In 2022, the Antiques Trade Gazette announced that Spink was the leading auction firm in London for coins and medals.

== Khmer antiquities probe==
In 2021, prosecutors and investigative journalists probed Spink & Son's historic relationship with antiquities trafficker Douglas Latchford, in relation to his false documentation of Khmer antiquities, sometimes together with Emma Bunker. Latchford was indicted, but Spink & Son as a separate entity under new management was not charged.

== Staff ==
Over several centuries, many notable numismatists and auction specialists have worked at Spink, including:

- William John Webster (1848–1919), Inspector of Coin for the Royal Mint, who joined the firm on 24 July 1893 until his death.
- Leonard Forrer (1869–1953), who created the Numismatic Circular, and edited it until his retirement in 1952.
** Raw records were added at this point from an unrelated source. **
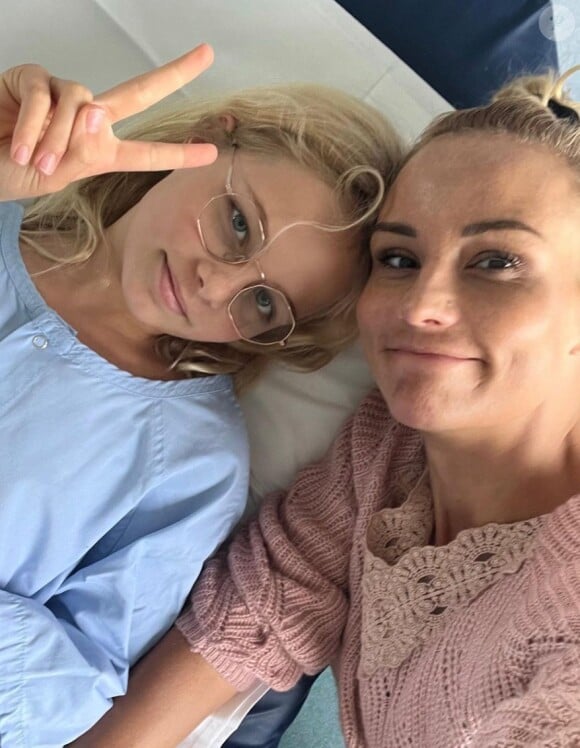 Ce mercredi 27 septembre 2023, Elodie Gossuin s'est emparée de ses réseaux pour partager sa grosse frayeur quant à l'une de ses filles qui a été hospitalisée.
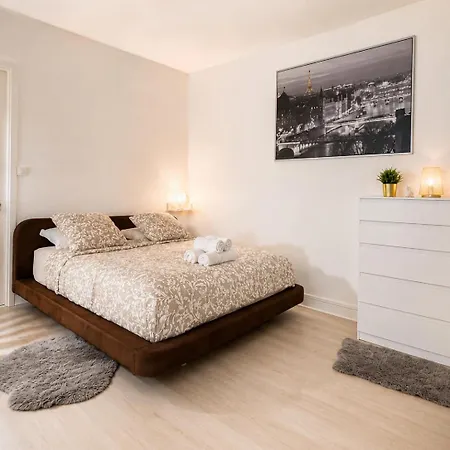 Champs Elysees 4 *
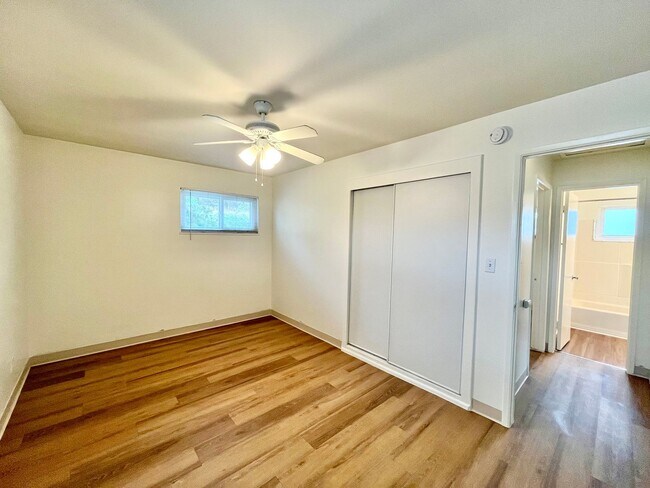 Building Photo - 2 Bedroom La Mesa Duplex with Yard, In-Unit Laundry, and Garage!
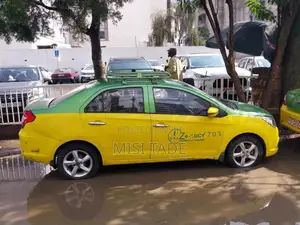 Lifan 530 1.3 2016 Yellow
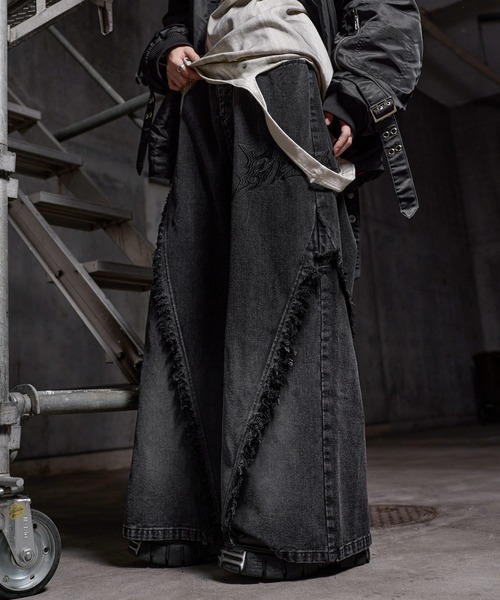 ERAR（エラー）の「【ERAR】ロゴ刺繍フリンジデザインスプレー加工ワイドフレアデニムパンツ（デニムパンツ・メンズ・レッド/ホワイト・M/XL/L/S）」の21枚目の写真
- Leonard Steyning Forrer (1895–1968), son of Leonard and author of The Art of Collecting Coins (1955), who became an independent dealer in 1945.
- Rudolph Forrer (1896-1974), son of Leonard, specialising in numismatics and Egyptian, Greek and Roman antiquities. General Manager of Spinks for some years, retiring around 1960.
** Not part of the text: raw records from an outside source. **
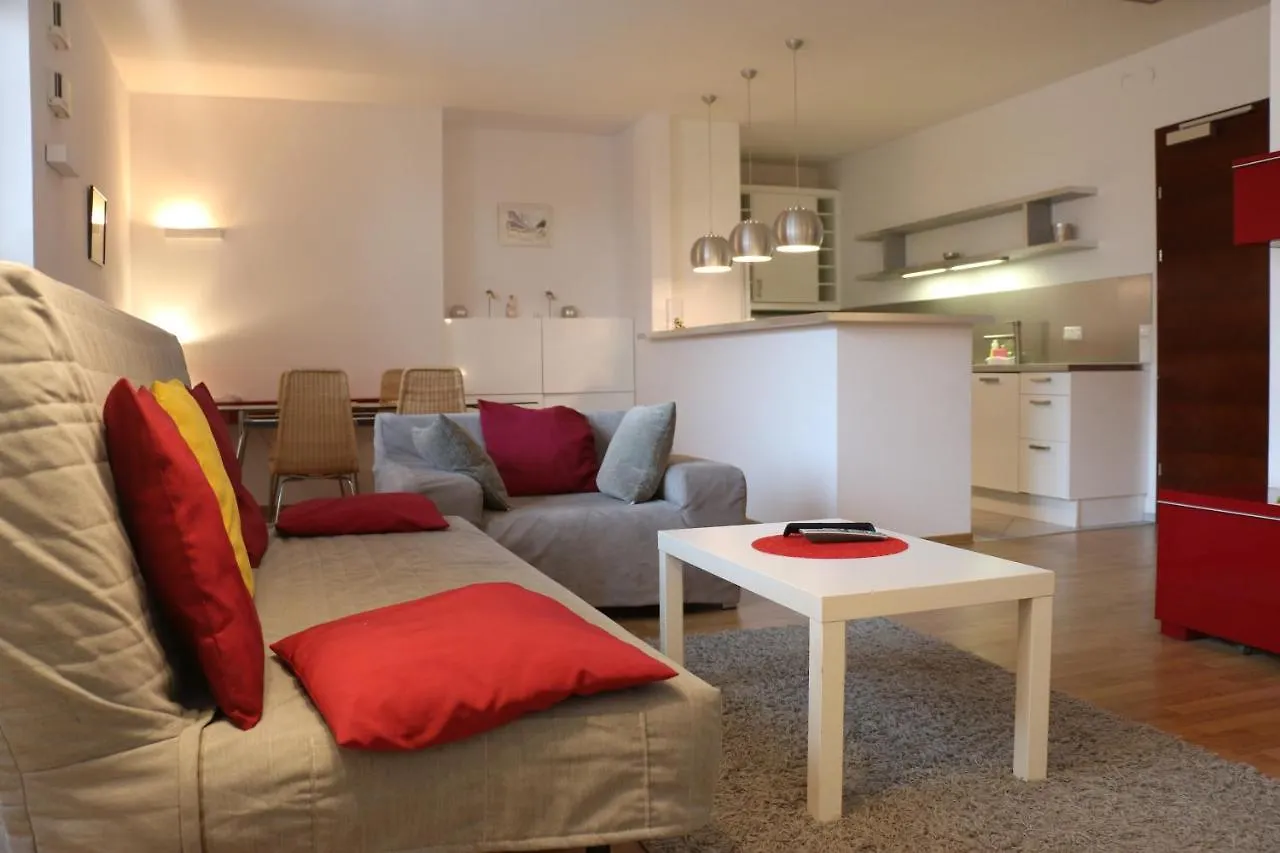 Center - Atelier Residence Warschau
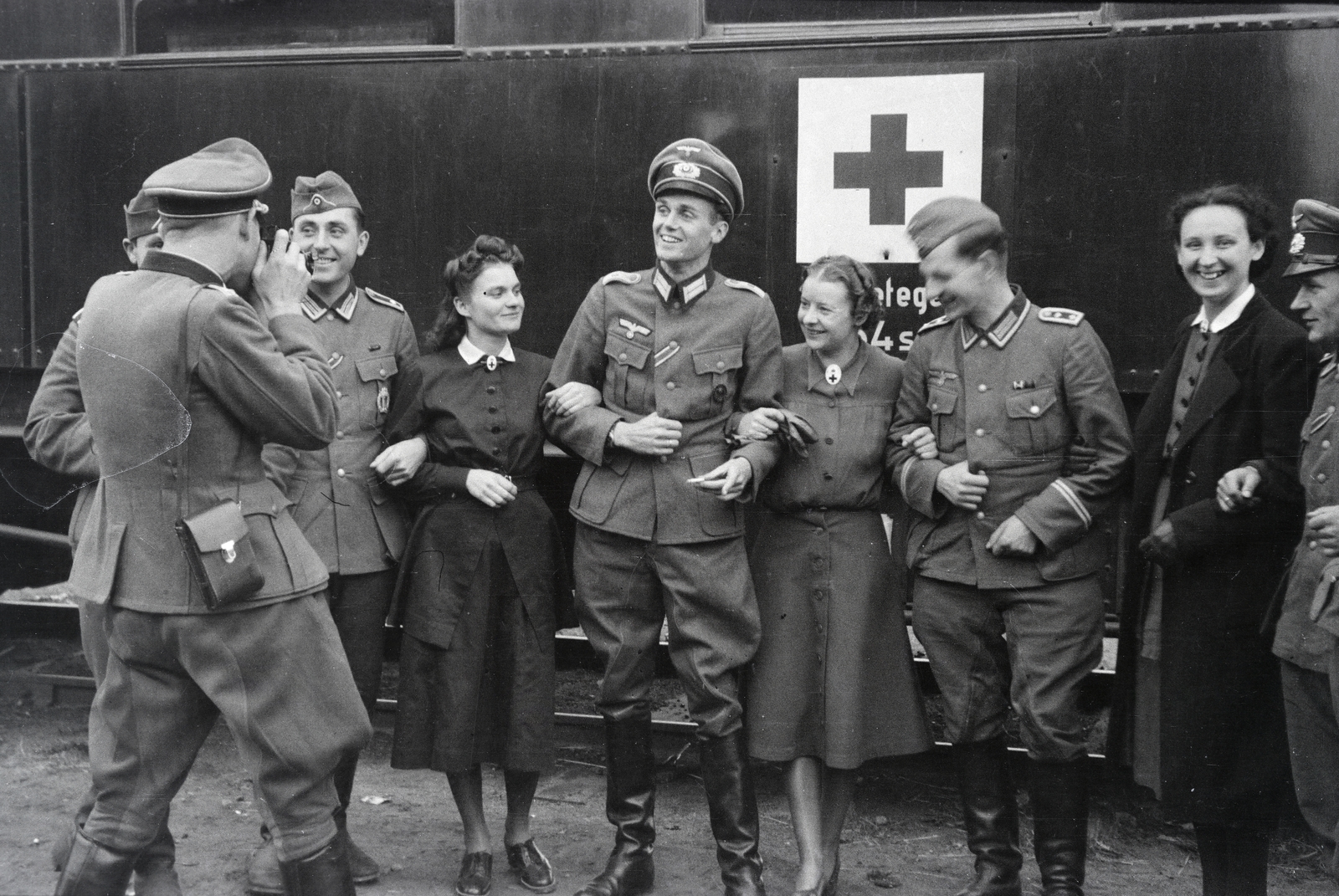 a 154-es számú vöröskeresztes kórházvonat személyzetének egy része és német katonák az ülőbetegek vagonja előtt., 1942, Reményi József, kórházvonat, Fortepan #258198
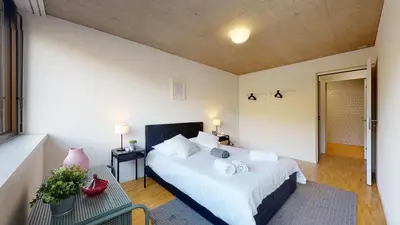 Ein Bett oder Betten in einem Zimmer der Unterkunft Bright and luminous 2-bedroom-flat in downtown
- William Charles Weight (1859–1923), who left the firm to become an independent dealer in 1908.
- Herbert Allen Seaby (1898–1979), who left the firm in 1926 to found rival Seaby's.
- Howard Linecar (1912–1985), author of numismatic publications who worked at the firm between 1935 and 1978.
- Douglas Gerard Liddell (1919–2003), who joined the firm in 1946 and worked until his retirement in 1987.
- Patrick Finn (1942–2000), who was Director of Numismatics until Spink was acquired by Christie's in 1993.
- Anthony Spink (1939–2019), Chairman, and last member of the original Spink family to work at the firm.